Lump realised he was no longer having fun being in a band and the realisation appalled him. The real Chevrons thought they had a chance, they played to win and fought to succeed though often that meant fighting each other. This band was just doing it as a hobby and he had no time for hobbies. Buddy Jet just liked to sing and get drunk. Sleazy liked to look like Debbie Harry and tease the boys. Smeggy was having the time of his life and Wernit appeared to be filling in time before the care order was issued. Lump was not getting laid; being the driver he was not getting drunk; he was going nowhere and he hated it.
'Next week we've got a PA hire and a gig on the same day.' Buddy announced.

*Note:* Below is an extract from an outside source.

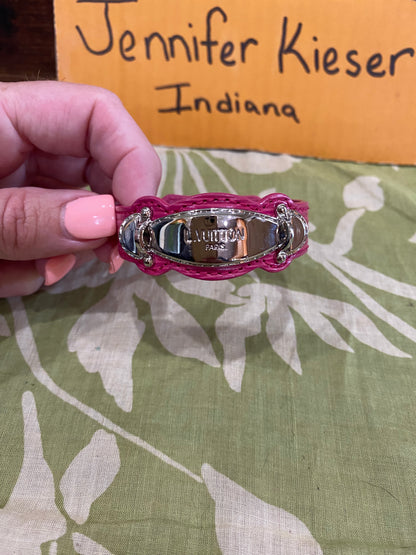 Pink EPI Leather Bracelet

'Don't we ever turn anything down?' Lump moaned.
'Not if it pays. Anyway they are almost next to each other, should be a piece of piss.'
'What like the Nationalities Bill march?'

Buddy had arranged for Lump and Smeggy to set up the PA for a reggae band called "The Mighty Strypes" on a moving open-back wagon. The booking had been made by Rock against Racism who had omitted to mention that they would be heading a march of tens of thousands of chanting militants along Oxford Street and down Regent Street to a mass rally at Trafalgar Square. To Lump this was almost a privilege, but to Smeggy, a confirmed racist and member of Her Majesty's Armed Forces, it was not such fun.
'Tha nearly got me sacked, we were on't bloody TV news. We're not allowed to do owt political.'
'What do you mean, you're a bloody Tory?' Lump shouted.

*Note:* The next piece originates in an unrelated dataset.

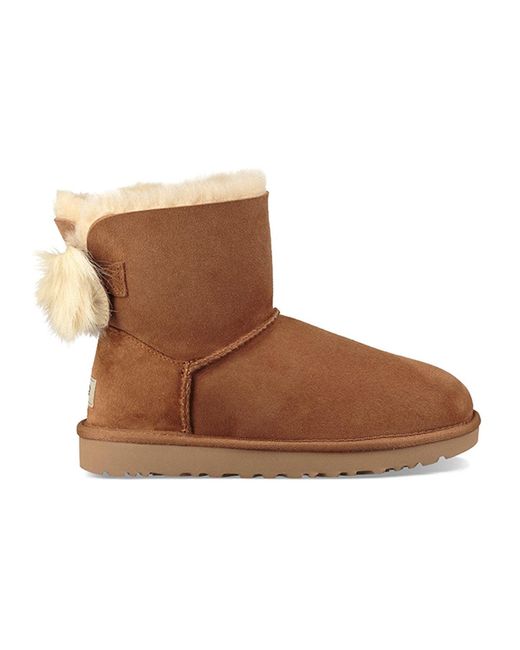 Ugg Fluff Bow Mini Fleece Lined Brown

'You've got to be a Tory in't Forces cos only 't Tories gi' us money.'

Smeggy was a storeman in the RAF at Northolt. He maintained his position in the band by allowing them to practice in his storeroom, though since the start of the Falklands War, getting on to the camp had been a bit awkward.
'So they can blow up a ship load of retreating Argentinians.' Buddy interjected.
'Ya bloody unpatriotic bastard!'
'Well you're a fuckin' fascist, look at that comic you're reading, Thatcher's fanzine.'
'All 't airmen read 't Sun.'
'"GOTCHA" . That has to be the worst headline ever, and those Argy Bargy jokes all about fucking sheep...'
'But it has got page three, but then pinko liberals like you bloody cockneys probably don't like that either.'
'No.' Lump and Buddy agreed.
'That's coz thee Southerners are all woolly woofters.'
'No. I just hate the way they use tits to sell a CUNT.' Buddy as usual had the final word. The M1 had disappeared at
Brent Cross and the van took to the Hendon way up to Child's Hill and down Finchley Road.